Anyway, here's the big part. I had to see her and couldn't push my feeling aside any more. I went to her house and went in and told her how I was feeling. I knew I wanted her back, but I also wanted closure on the feelings I was still having, I wanted to know if she could take me back or not. I knew if I got back with her I wouldn't feel comfortable keeping anything from her as I never did, so I told her EVERYTHING, from the girl I was seeing, to the sex, to the date, to what I'd been doing since. She didn't seem very bothered, probably because she was so happy to see I wanted her back. A day or two later, she told me she wanted me back. So we did get back together.
During our first week or so, we had a BIG serious talk about what went wrong etc and how we could make this better. During which I asked if she had been with anyone else. I'd seen her Facebook pictures from when we were apart, going out clubbing and pictures of her dancing with strangers at the clubs etc, which just wasn't the girlfriend I knew, but I put it aside. She told me she hadn't done anything with anyone.
Last week, I proposed another talk. Something just didn't feel right. We had a long talk, I told her I loved her more than ever now, I hope we can make this work etc. Then just as we were getting into bed I asked her 'so you really didn't get with anyone while we were apart?' and she said 'well, there was this one guy'. I flipped.

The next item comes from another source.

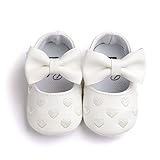 RVROVIC Baby Girls Shoes PU Soft Sole Bow Prewalker 0-18 Months (11cm (0-6months), Heart White)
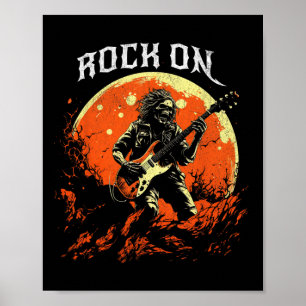 Affiche Rock On Skeleton Jouer Guitare Rock Et Roll Hall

Three weeks we'd been together, and only now she just tells me, after I had had sex with her, been out with her, I was always honest with her during out relationship, never lied, cheated etc. Nothing. I told her EVERYTHING the day I got back with her. She told me to my face she had done nothing. I knew from her clubbing pics she had turned into something else while we were apart. I made her tell me everything.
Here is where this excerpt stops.